In the majority of cases the jaw is normal. But the upper maxilla is narrower in the case of crossbite, and is set backwards from the rest of the face. Using the rapid palatal expander together with the mask widens the maxilla and brings it forward. This kind of bone combination is found rather frequently in the Basque Country.

Surgically assisted rapid palatal expansion

When the Rapid Palatal Expander fails to work it may be because the patient is an adult over the age of 20, whose mid palatal suture has ossified and can no longer be opened.

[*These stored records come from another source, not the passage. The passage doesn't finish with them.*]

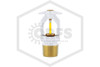 Victaulic™ V2726 Pendent Sprinkler | QR | 5.6K | Bright White | 175F | S27-1BEQ4W0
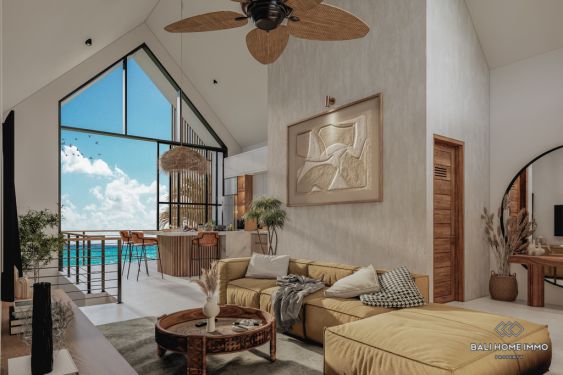 Image 3 from Hors plan Villa 1 chambre à vendre en leasing à Bali Nusa Dua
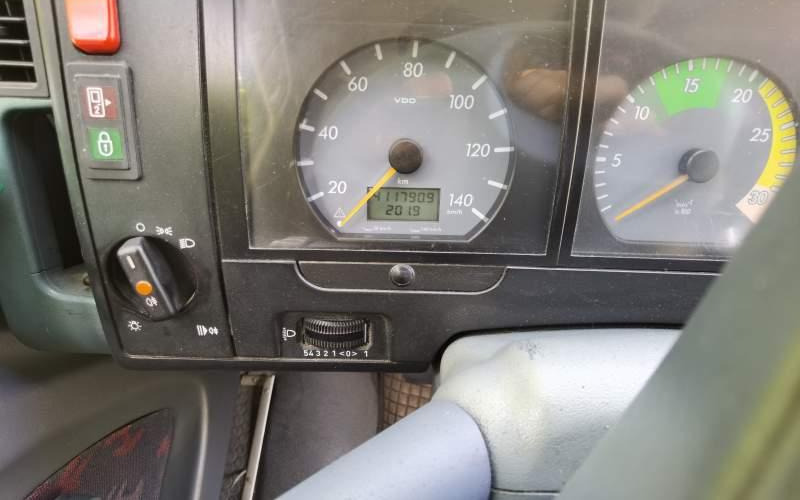 Mercedes-Benz Vario 814D 38 - Helyközi busz: 5 kép. Mercedes-Benz Vario 814D 38 - Helyközi busz: 5 kép.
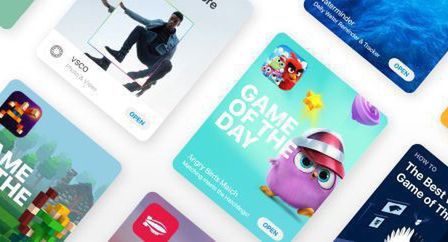 Blisko trzy tysiące aplikacji na iOS zarabia ponad milion dolarów rocznie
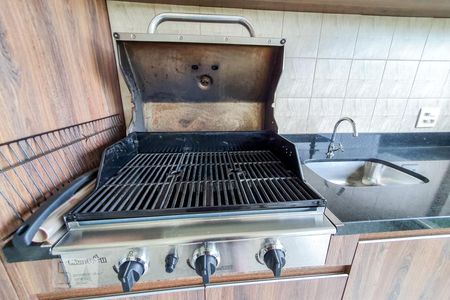 Apartamento à venda com 79m², 2 quartos e 1 vagaVaranda da Sala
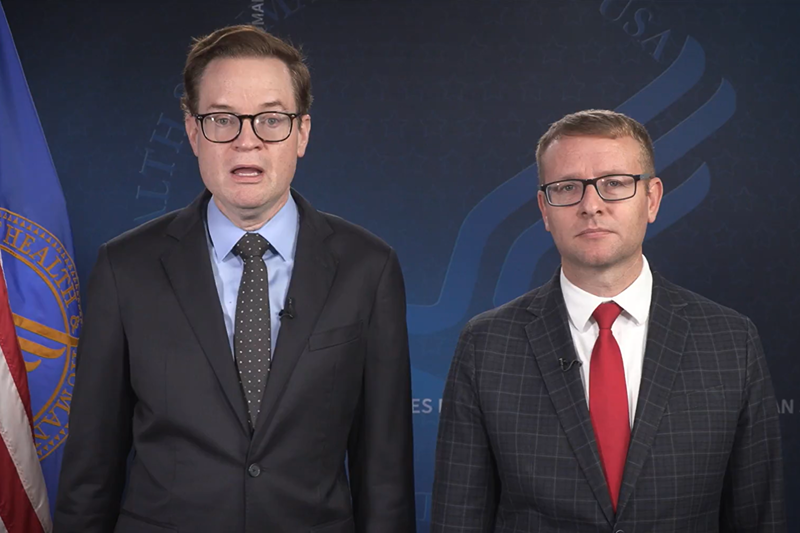 Minn.: Child care payments halted due to ongoing fraud claims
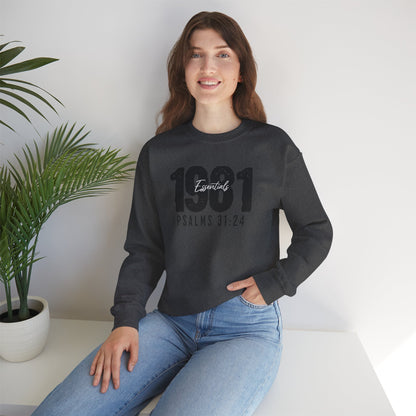 81 Vintage Crewneck Sweatshirt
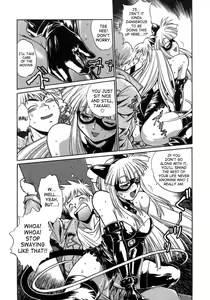 Page 42 of Tail Chaser 1 - preview thumbnail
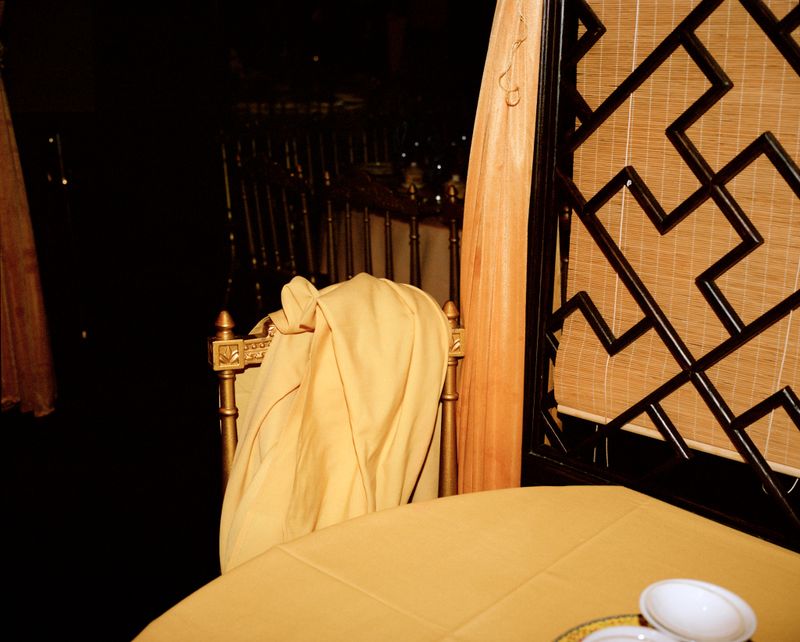 © Michelle Shen - Image from the Disconnect photography project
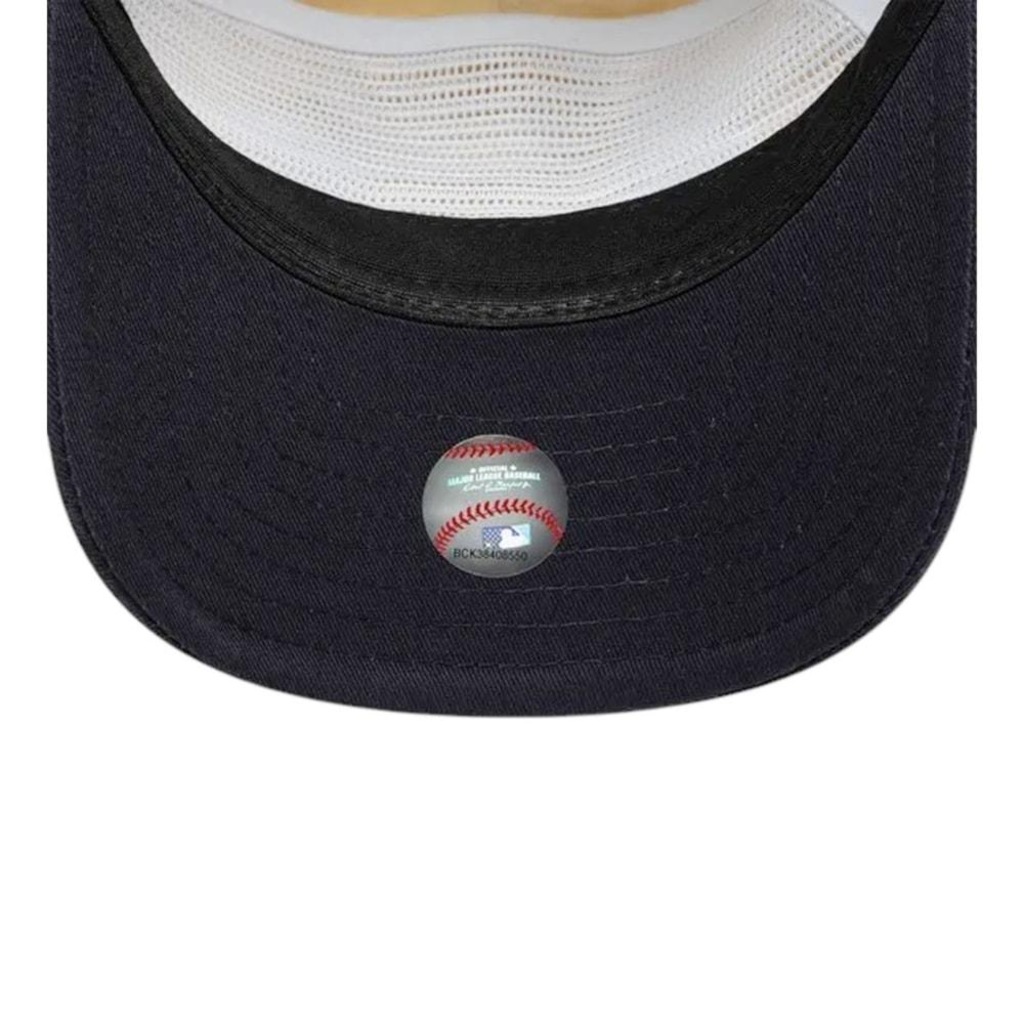 Imagem 4 do produto Boné New Era MLB 19TWENTY New York Yankees
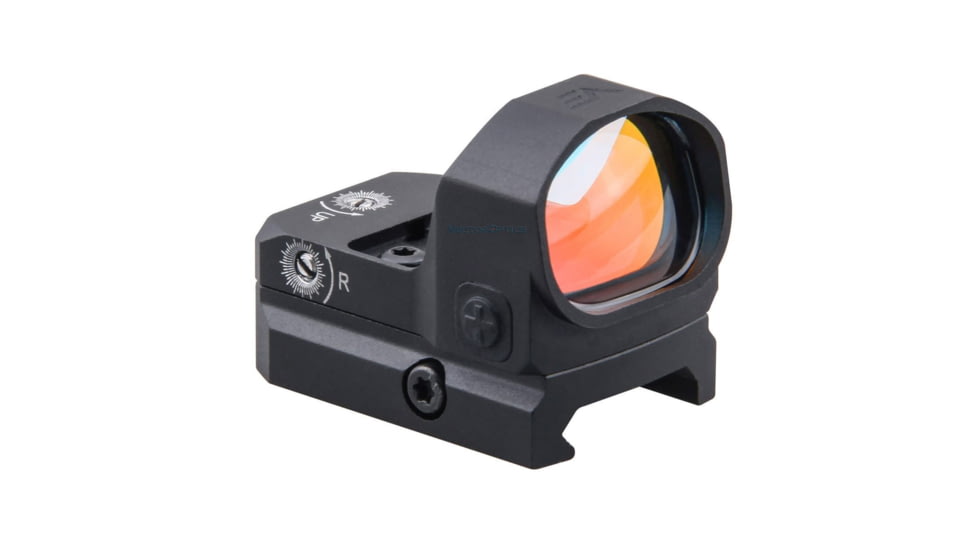 Vector Optics Frenzy 1x20x28, 6 MOA, Reflex Red Dot Sight, Black, SCRD-40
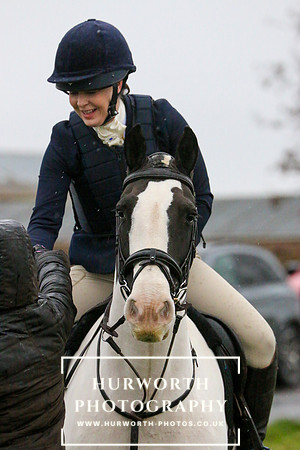 Huworth Hunt 114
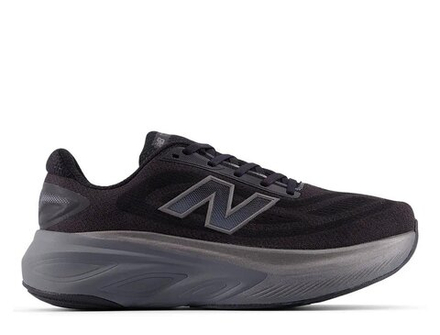 Кроссовки для бега мужские New Balance Fresh Foam X More v6 M Черные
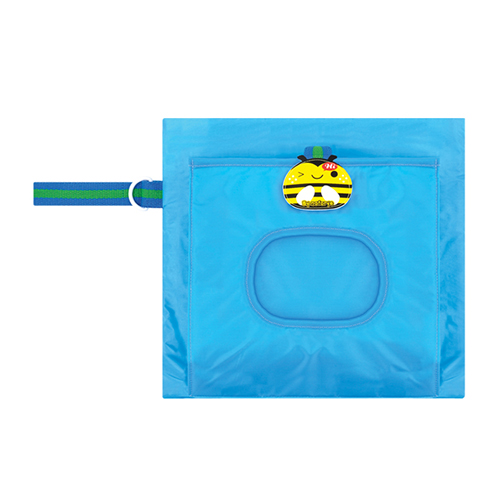 台灣naforye拉孚兒❤多功能揹巾/推車涼墊/ 收納袋/掛勾☀ 外出好物大集合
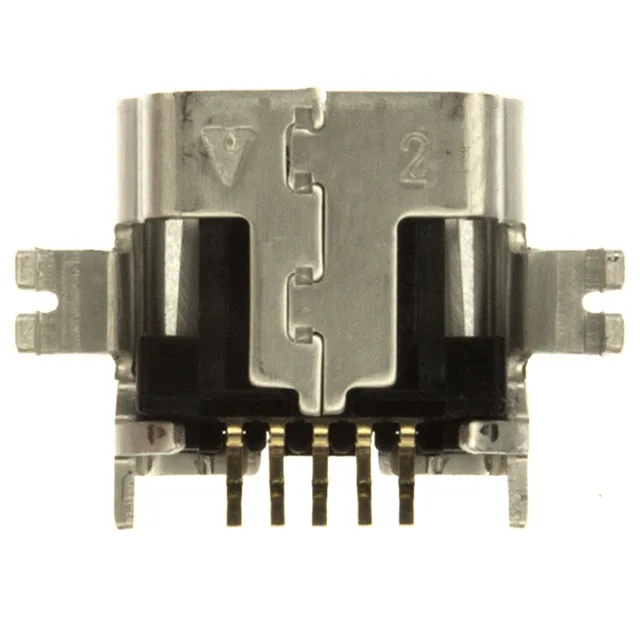 Hirose Electric Co Ltd UX60SD-MB-5S55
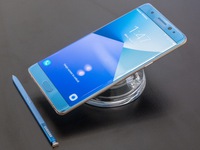 Khai tử Galaxy Note7: Chiêu trò tạo cú hích thương hiệu của Samsung?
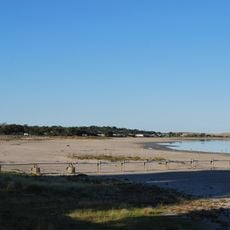 Lac Albert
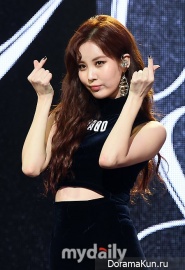 Seohyun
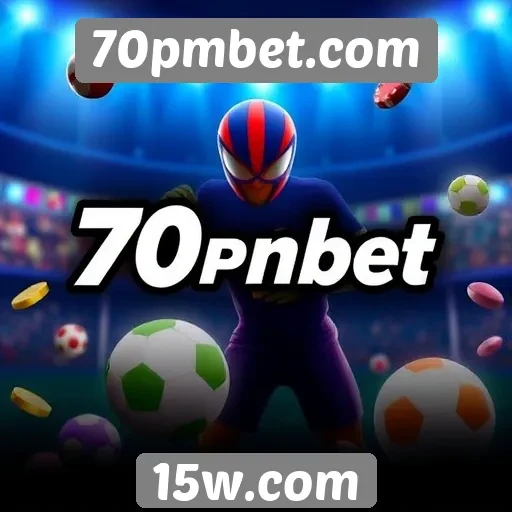 Descrição dos jogos oferecidos no 70pmbet
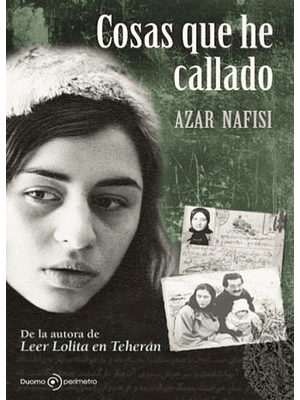 Cosas Que He Callado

On other occasions we may find that the rapid expander doesn’t work because the patient had used the slow expander as a child, but not continually. In such cases, the surgeon uses a chisel to open the mid palatal suture and separate the upper maxilla down the middle. The expansion can then continue using the rapid palatal expander.

Maintaining the expansion obtained

Once the rapid expansion has been completed, the expander will be left in the mouth passively, i.e. without turning the screw, for 3 months.

After this time, the rapid expander is removed, and a so-called Transpalatal Arch or space maintainer is fitted, which will remain in place for two or three years. This consists of metal bands or rings fitted around the first superior molars on both the right and the left. These are connected by a thick wire or bar fixed to the palate and stretching from right to left, welded to said bands or rings.

In children, the arch is left in place for the time it takes for all of their teeth to grow into the right place. However, if the patient is an adolescent or adult with a short and narrow maxilla, the teeth will have had no space to grow in and will have created a crossbite. In these cases, while the expander remains in place, we also use orthodontics with brackets to align their teeth.

Thanks to the expander, there is no need for the maxillofacial surgery which would otherwise be required. As well as an aesthetic improvement, we correct their masticatory function.